## Monitoring and visualising model activation traces

In this notebook, we will use RL to train a network on a simple task, and we will visualise the activation traces of the neurons in the network.

### Task

We will use the [AnnubesEnv](https://github.com/neurogym/neurogym/blob/dev/neurogym/envs/annubes.py) environment for this demo. We set the duration of each trial period (fixation, stimulus, decision) and wrap the environment with a Monitor wrapper, which can be used to keep track of activation traces. After training, we can evaluate the agent and visualise the recorded traces. 

In [1]:
# Ignore warnings.
import warnings

warnings.filterwarnings("ignore")

from stable_baselines3.common.env_checker import check_env

from sb3_contrib.common.recurrent.policies import RecurrentActorCriticPolicy
from sb3_contrib import RecurrentPPO

from neurogym.envs.native.annubes import AnnubesEnv
from neurogym.wrappers.monitor import Monitor

In [2]:
# Time step duration in ms
dt = 10

session = {"auditory": 0.5, "visual": 0.5}
catch_prob = 0.25

env = AnnubesEnv(session, catch_prob, dt=dt)
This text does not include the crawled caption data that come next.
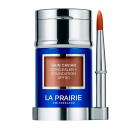 skin-caviar-complexion-concealer-foundation-spf30-flussiges-make-up-und-concealer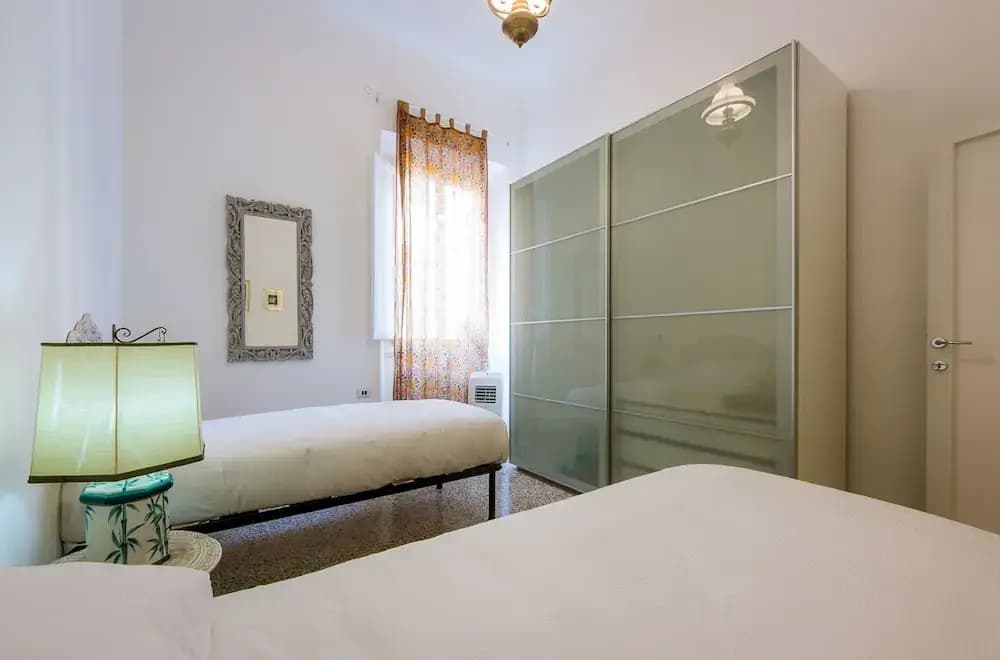 Cittadella - photo 5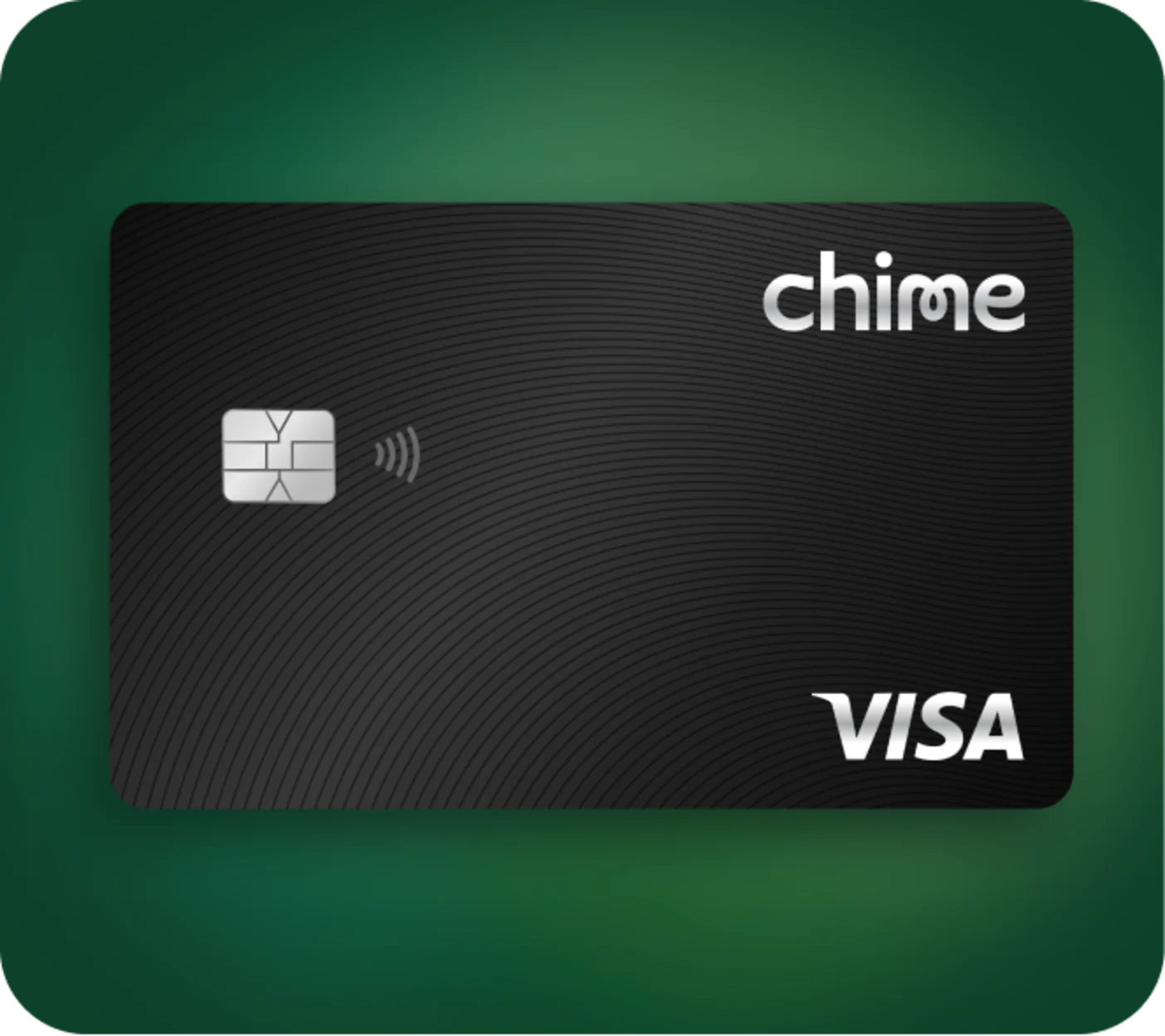 Chime Code Manage Your Credit | Chime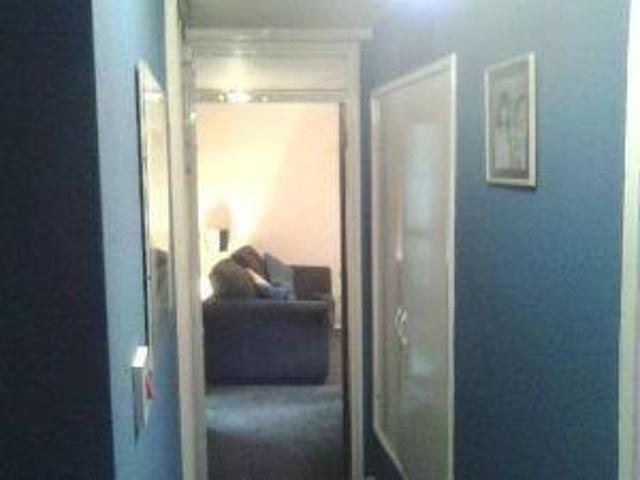 House for rent in Flushing, Scotland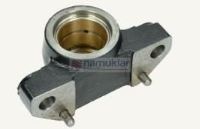 BURÇ YATAĞI 5140452 1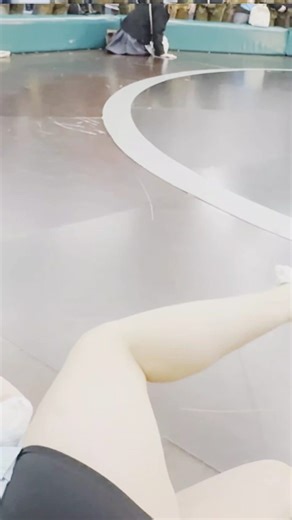 Devils Wheel Oktoberfest on Reels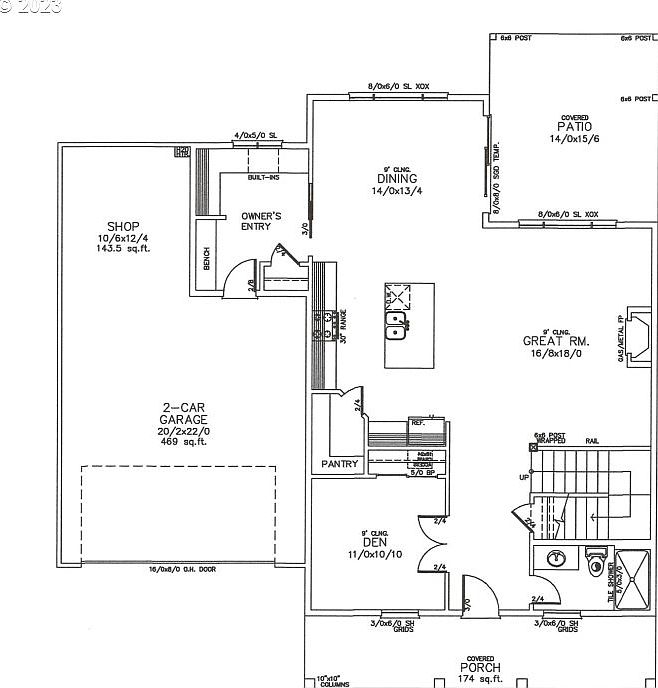 2nd image of 27494 SW Larkspur Ter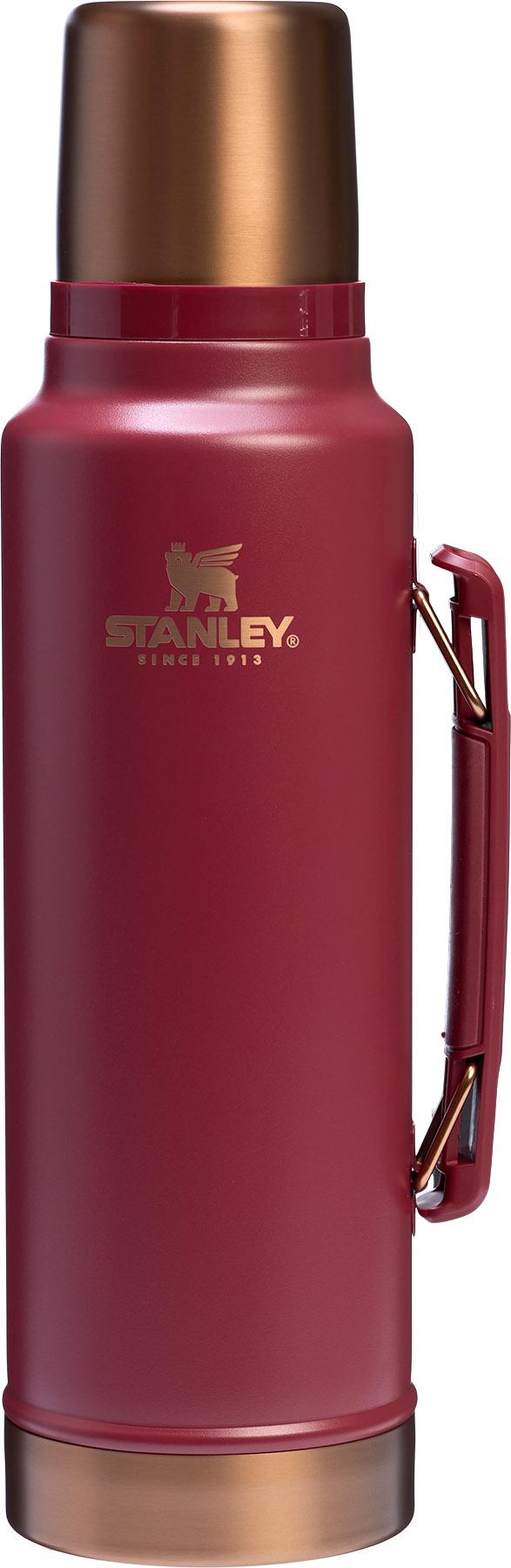 Product image for Legendary Classic Bottle and Buddy Cups Set
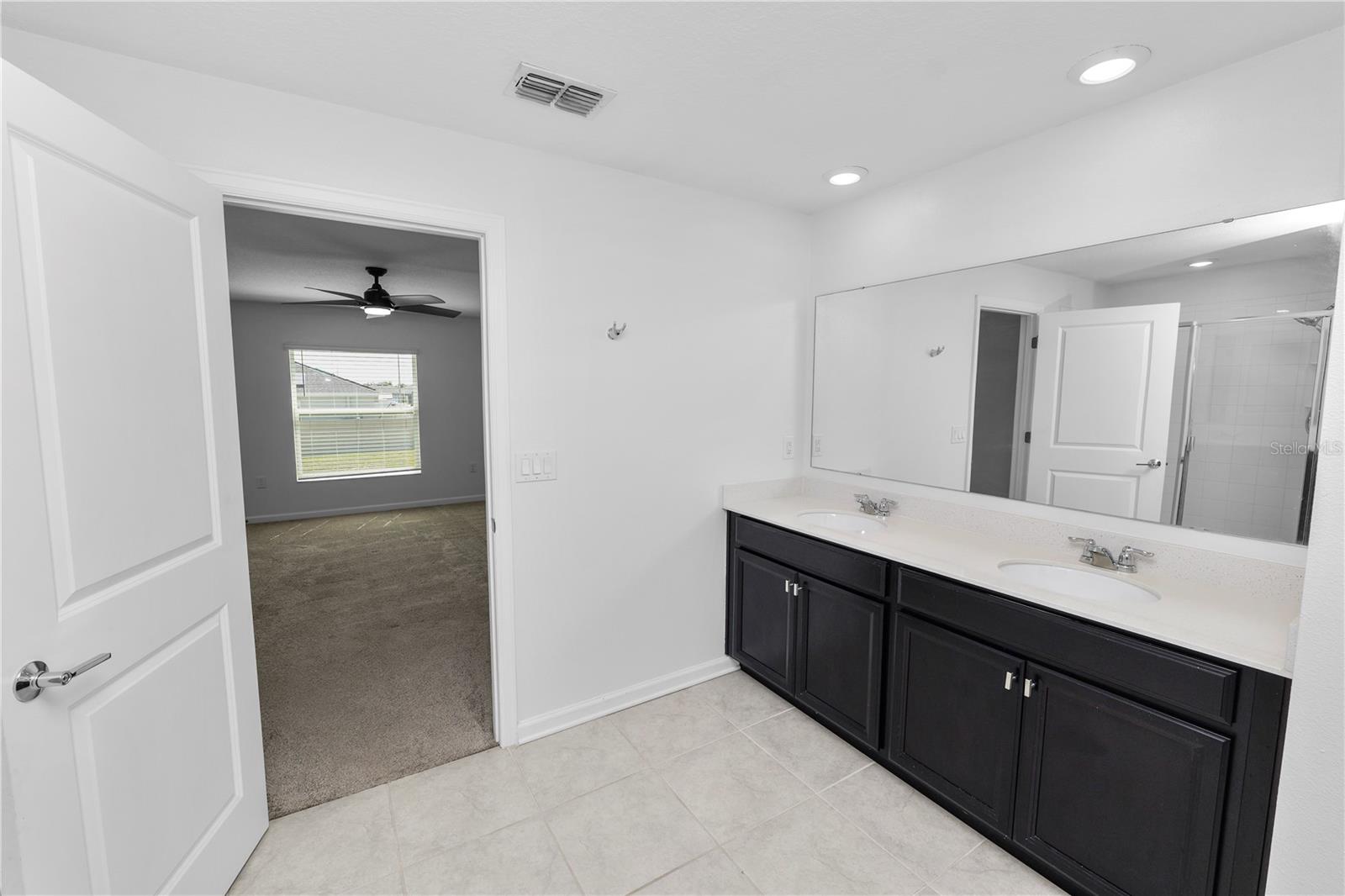 1431 LASSEN ST, HAINES CITY, FL, 33844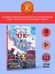 Дополнительное изображение книги «Чук и Гек»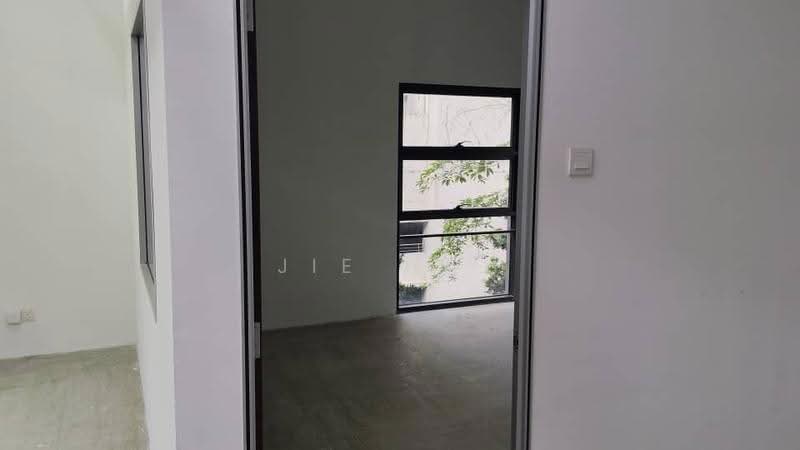 Pejabat Runcit untuk Disewa di Sentul (Kuala Lumpur) - Jie Hoh - Interior - PropertyGuru.com.my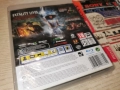 SONY PS3 MORTAL COMBAT-ОБЛОЖКА & CALL OF DUTY MW3 GAME 2112251012, снимка 13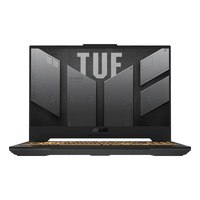 ASUS TUF Gaming FA507UV-HQ055W/15.6"/16GB/1TB/Touchpad/Gray W11H - 1.000 GB - 16 GB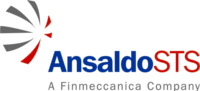 logo ansaldoSTS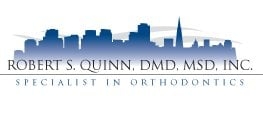 Photo of Robert S Quinn, DMD MSD Depends On Highly Specialized Skills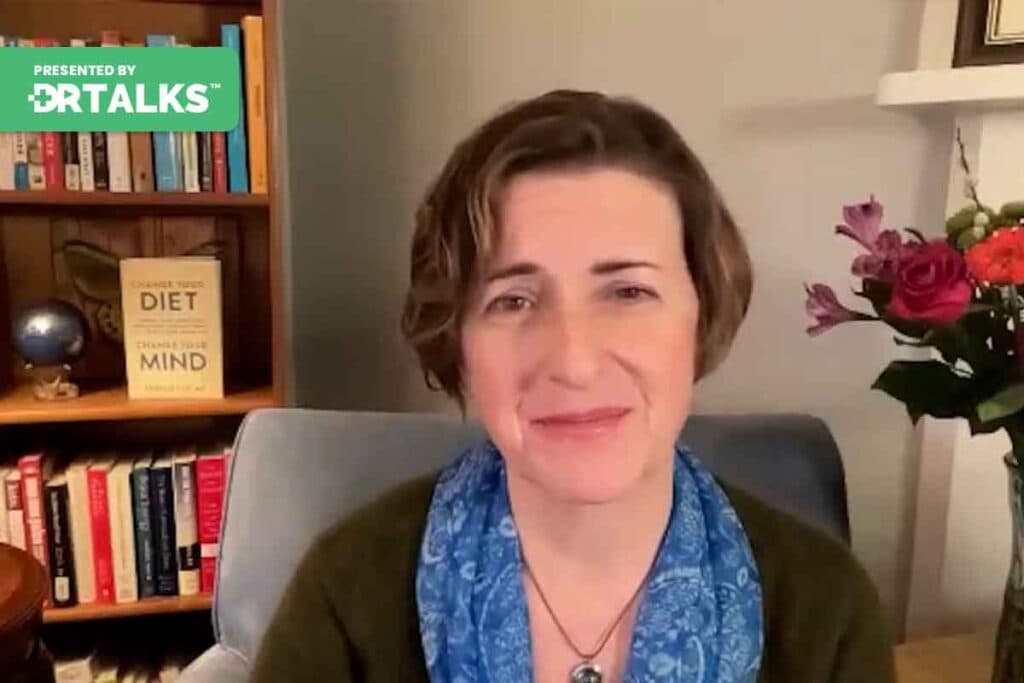 Dietary Keys To Uplift Your Mental Health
# Check the custom environment and output additional warnings (if any)
check_env(env)

# Check the environment with a random agent
obs, info = env.reset()
n_steps = 10
for _ in range(n_steps):
    # random action
    action = env.action_space.sample()
    obs, reward, terminated, truncated, info = env.step(action)
    if terminated:
        obs, info = env.reset()

print(env.timing)
print("----------------")
print(env.observation_space)
print(env.observation_space.name)
print("----------------")
print(env.action_space)
print(env.action_space.name)

{'fixation': 500, 'stimulus': 1000, 'iti': 0}
----------------
Box(0.0, 1.0, (4,), float32)
{'fixation': 0, 'start': 1, 'auditory': 2, 'visual': 3}
----------------
Discrete(2)
{'fixation': 0, 'choice': [1]}


Create a recurrent model and show the policy.

In [3]:
# Create the agent that will be trained in this environment
model = RecurrentPPO(
    RecurrentActorCriticPolicy, env, policy_kwargs={"lstm_hidden_size": 64, "recurrent_layer_type": "rnn"},
)

model.policy

RecurrentActorCriticPolicy(
  (features_extractor): FlattenExtractor(
    (flatten): Flatten(start_dim=1, end_dim=-1)
  )
  (pi_features_extractor): FlattenExtractor(
    (flatten): Flatten(start_dim=1, end_dim=-1)
  )
  (vf_features_extractor): FlattenExtractor(
    (flatten): Flatten(start_dim=1, end_dim=-1)
  )
  (mlp_extractor): MlpExtractor(
    (policy_net): Sequential(
      (0): Linear(in_features=64, out_features=64, bias=True)
      (1): Tanh()
      (2): Linear(in_features=64, out_features=64, bias=True)
      (3): Tanh()
    )
    (value_net): Sequential(
      (0): Linear(in_features=64, out_features=64, bias=True)
      (1): Tanh()
      (2): Linear(in_features=64, out_features=64, bias=True)
      (3): Tanh()
    )
  )
  (action_net): Linear(in_features=64, out_features=2, bias=True)
  (value_net): Linear(in_features=64, out_features=1, bias=True)
  (lstm_actor): RNN(4, 64)
  (lstm_critic): RNN(4, 64)
)

Get a reference to the action net from the policy. For now, it is referred to as `lstm_actor`, even though it is a vanilla RNN.

In [4]:
actor = model.policy.get_submodule("lstm_actor")

In [5]:
actor

RNN(4, 64)

Make sure that the time step is correctly registered

In [6]:
env.dt

10

### Train the agent

The agent can be trained on different environments. calls both the actor and the critic networks, so if the activations of the value net are needed, now is the opportunity to record them.

In [7]:
# Create an environment for evaluation
annubes_env = AnnubesEnv(session, catch_prob, dt=dt)

# Create a monitor
env = Monitor(env, name=f"NeuroGym Monitor | {annubes_env.__class__.__qualname__}")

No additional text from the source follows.